Without positive fit characteristics, the LHS does not grip the foot well, particularly at the heel, leading customers to buy a smaller size than they should to get the heels to stay on. This leads to the oft-mentioned tight feeling across the instep. With a better shaped foot opening, the LHS would grip the foot better and customers would be able to buy shoes which were not too tight across the instep.

Ironically, the Alden tassel loafers, although not genuine moccasin construction, have a foot opening with positive fit characteristics which appear superior to the LHS (see photos above), which is probably why we don't hear the same complaints about the tassel versus the LHS.

------------------------------

Hopefully this clears up any confusion about previous statements I have made about moccasin constructed shoes. I don't think I have posted anything too crazy here, but if I have I know I will be corrected post haste...indeed.

DD


----------



## A Questionable Gentleman (Jun 16, 2006)

Doc,

I think you should take a little time and think about all of this before leaping to conclusions. :icon_smile_wink: 

Seriously, a very interesting monograph and I learned a great deal from it.

Incidentally, my 986s fit quite well and I bought them in my standard 9.5E.


----------



## Tenacious Tassel (Sep 11, 2006)

*Wow*

I somehow feel instantly smarter after having read these posts.

I am one of those people who have complained about the fit of the 986. I have a lump on my left foot on top that comes from the tightness of these shoes. I have had them stretched 2X, have professional shoe stretchers in them whenver they are not worn, and carry around shoe stretch spray to try an ease late day pain.

I will be at Alden SF next week to see what size may fit better.
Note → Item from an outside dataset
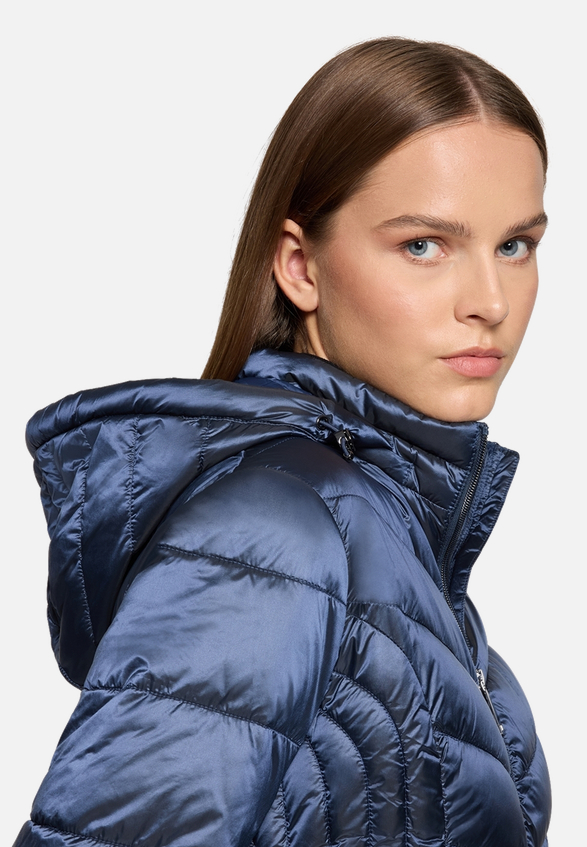Outdoorjacke mit abnehmbarer Kapuze / Detailbild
I may wind up wearing 2 different sized shoes in the end, as my right foot has no issues at all.

The other issue is all the stretching has slightly wharped the leather and it has wrinkles / indentions from where stretching has taken its toll. Ironically, the strap, which gives me fits, is in perfect condition...what on earth is that thing made from? steel?


----------



## paper clip (May 15, 2006)

Post of the Year!

Thanks for the great information, photos and diagrams. 
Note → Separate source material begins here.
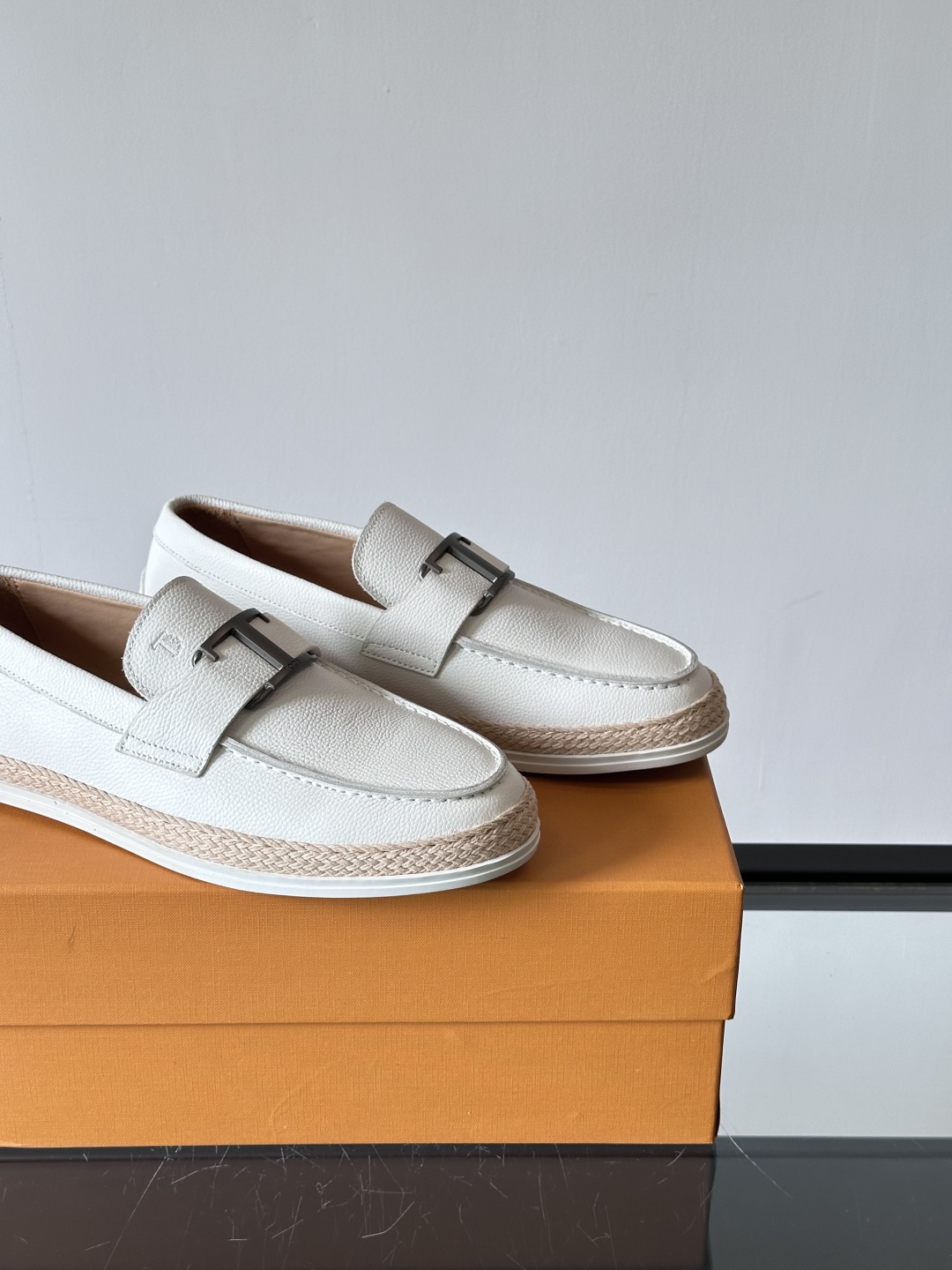Tod'S/托德斯男士乐福鞋本款乐福鞋以雅致的进口头层牛皮革制成， 配以品牌logo横条装饰，外露手工缝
Now, to whom can I bill all this research time?:icon_smile_wink:


----------



## familyman (Sep 9, 2005)

Outstanding DD, thank you very much. 
I do know that my moccasin construted Weejuns and Russell boots are my most comfortable and they make my feet the happiest. There's something going on there and I'm thinking you might be on to it. 
Again, thanks.


----------



## familyman (Sep 9, 2005)

Boat shoes are moccasin construction as well, yes?


----------



## nerdykarim (Dec 13, 2005)

The 'Trad Hall of Fame' thread was created for posts like this one.
Thanks for the explanation.


----------



## Tom Buchanan (Nov 7, 2005)

Bravo. Excellent post.

This actually explains a lot about shoes I have struggled with. You point out that true moccasins get wider and shorter as they age. Over the years, I have had a couple pairs of shoes that I could not figure out why they felt too small over time - it is because they widened in the heel and foot, and shortened in the toe. Something to think about when buying shoes. This may be another justification for me to shell out the bucks for some LHS's 

Something I have wondered - can the expensive driving shoes and gucci style loafers be resoled? I always assumed not, but your post suggests it could be possible (just maybe not economically smart).


----------



## eagle2250 (Mar 24, 2006)

Doc: Thanks for an excellent and very informative post. It goes a long way toward explaining why certain of my shoes just seem to be more comfortable than others.


----------



## Doctor Damage (Feb 18, 2005)

Tom Buchanan said:


> ...Something I have wondered - can the expensive driving shoes and gucci style loafers be resoled? I always assumed not, but your post suggests it could be possible (just maybe not economically smart).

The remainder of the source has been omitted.